どんな法人でも会社を運営するルールである「定款」が定められています。

 

法人を設立する際に司法書士と相談をして作成するケースが多いですが、この定款に定められいることは非常に重要なポイントになりますので、法人で生命保険に加入する際、経営者は是非とも定款の内容を確認しておくことをオススメいたします。

 

定款には商号や目的・本店所在地・発行株式数などの基本的な項目の他に、株式総会の運営方法や取締役の決定方法などが定められています。

 

経営者が生命保険加入時に必ず確認をして頂きたいのは、「代表取締役の選出方法」「報酬の決定方法」の2点です。

 

1)代表取締役の選出方法

契約者を法人、保険の対象者である被保険者を法人代表者、保険金受取人を契約者である法人として生命保険契約を締結することが一般的です。

 

この場合、被保険者である代表者が死亡すると、保険金受取人である法人が保険金請求を行うことになります。

 

ここで問題になるのが、代表者が死亡しているので新たに代表者を決めて変更の登記をしないと保険金請求は出来ません。

 

この代表取締役を選出する方法については定款に定められているのですが、「取締役会の決議により選出」する方法と「株主総会決議により選出」する方法の2つのケースがあります。

 

取締役会での決議による選出であれば、取締役同士が話し合って新代表を決めて登記をすればよいのですが、問題は株主総会決議となっている定款の場合です。

 

当然ながら株式の保有割合によって決議が出来るかどうかの問題もありますが、それ以上に深刻なのは亡くなった法人代表者が全株式を持っていた場合です。

 

亡くなった法人経営者が全株式を持っていた場合、亡くなった経営者の遺産分割協議が成立するまでの間、この株式は法定相続人が「準共有」している状態となるため、法定相続人全員で話し合いをして新代表者を決めることになります。

 

相続人同士の関係が良好で、何もなければ全く問題はありません。

 

問題になるのは、

・相続人同士の関係がこじれている

・相続発生による遺産分割でもめている

・前配偶者との間にも子供がいる

・認知している婚外子がいる

という様なケースです。

 

こういうケースの場合、スムーズに代表者変更が出来ずに死亡保険金が請求できないケースも想定されますので、くれぐれもご注意下さいませ。

 

2)報酬の決定方法

上記1)の問題をクリアーして、死亡保険金が法人に支払われたとします。

 

次に問題になるのがその受け取った死亡保険金を、配偶者ならびに親族へ「死亡退職金」として支給するケースです。
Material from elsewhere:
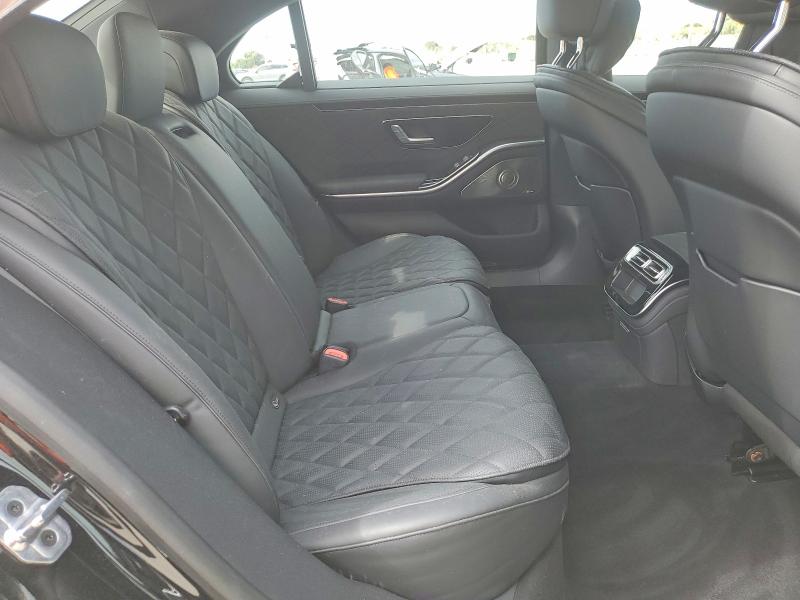 2025 Mercedes-benz S მანქანა იყიდება აუქციონზე, vin: W1K6G7GB3SA318896, აუქციონის ნომერი: 76002695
この死亡退職金の支給に関して注意しておきたいケースは以下の通りです。

 

・保険金振込先口座がどの金融機関なのか?

・後継者が非親族の場合

・死亡退職金支給の決定方法は?

・役員退職慰労金規定上、死亡退職金の受取人が誰なのか?

 

特に3つ目の死亡退職金支給の決定方法は、株主総会決議と定款で定めているケースが多いので、この場合には「準共有状態」となっている相続人全員で決める必要があります。

 

この場合に、前述の通り相続人同士の関係が良好でないとすんなり決められずに死亡退職金が受け取れない可能性もあることには注意が必要です。

 

なお2つ目の後継者が非親族の場合に、受け取った死亡保険金を借入金の返済や事業の運転資金に使うために、配偶者や相続人が十分な死亡退職金を受け取ることが出来ないケースも地味に多いことは注意が必要です。

 

法人にて生命保険を検討される際には、保険会社や保険料・保険金額を決めるだけでなく、保険金請求時にキチンと保険金請求が出来て、保険金が必要な人にキチンと渡せる状況になっているかどうか?も合わせてご確認下さい。

 

もし問題がある場合には、事前に対策を行う必要がありますので、気になる方は弊社までご相談下さいませ。

 

上記以外にも、保険営業パーソンがあまり説明をしない重要なポイントは幾つかありますので、合わせてご相談下さい。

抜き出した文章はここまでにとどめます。